**Records for the exercise**
..............................

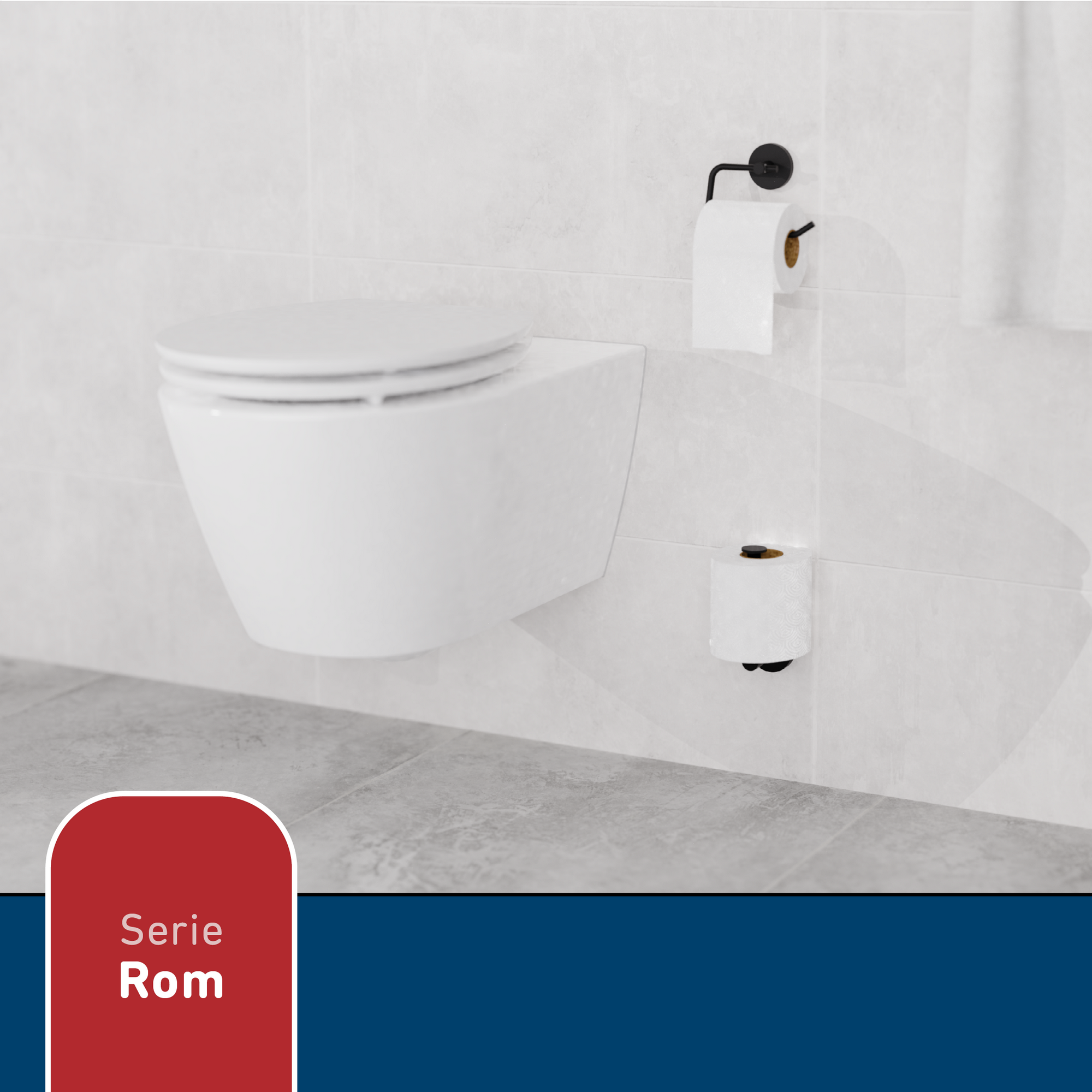 Toilettenpapierhalter 'Rom' mattschwarz + product picture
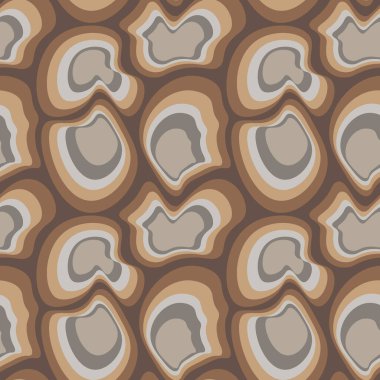 Kare arkaplandaki çizimsiz desen - asimetrik fantezi noktaları - moleküller, taşlar veya hayvan soyutlamasının kabuğu. Tasarım elemanı. Duvar kağıtları, tekstil, ambalaj, bir web sitesi için arka plan, mobil uygulama veya blog.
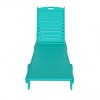 WestinTrends 2 Pieces Poly Outdoor Patio Chaise Lounge Chair with Side Table Set - 4 of 4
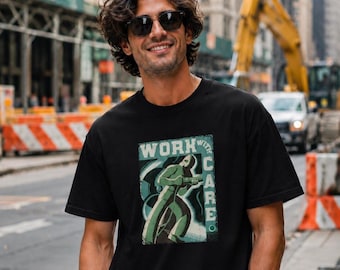 Work With Care Graphic T-shirt | Vintage WPA Poster Art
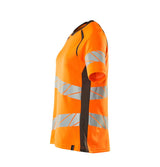Mascot Damen Accelerate Safe Warnschutz T-Shirt – orange/dunkelanthrazit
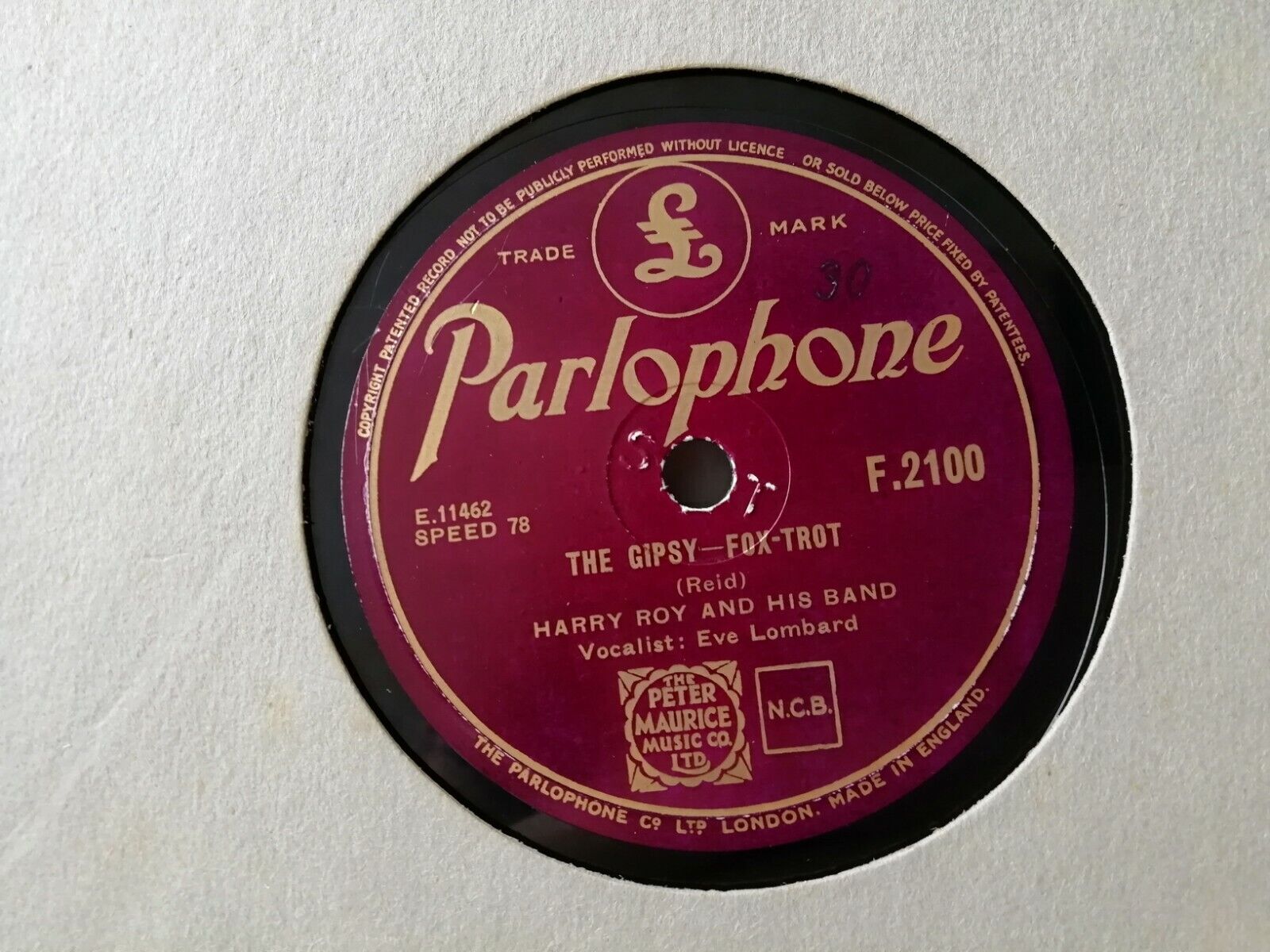 78 rpmHarry Roy And His BandManana-BeguineThe Gypsy-Fox-TrotParlophone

..............................

**Exercise**
Each record must be quoted in full and exactly. Do not include the pictures.

**Reply to the task**
 Toilettenpapierhalter 'Rom' mattschwarz + product picture
 Kare arkaplandaki çizimsiz desen - asimetrik fantezi noktaları - moleküller, taşlar veya hayvan soyutlamasının kabuğu. Tasarım elemanı. Duvar kağıtları, tekstil, ambalaj, bir web sitesi için arka plan, mobil uygulama veya blog.
 WestinTrends 2 Pieces Poly Outdoor Patio Chaise Lounge Chair with Side Table Set - 4 of 4
 Work With Care Graphic T-shirt | Vintage WPA Poster Art
Mascot Damen Accelerate Safe Warnschutz T-Shirt – orange/dunkelanthrazit
 78 rpmHarry Roy And His BandManana-BeguineThe Gypsy-Fox-TrotParlophone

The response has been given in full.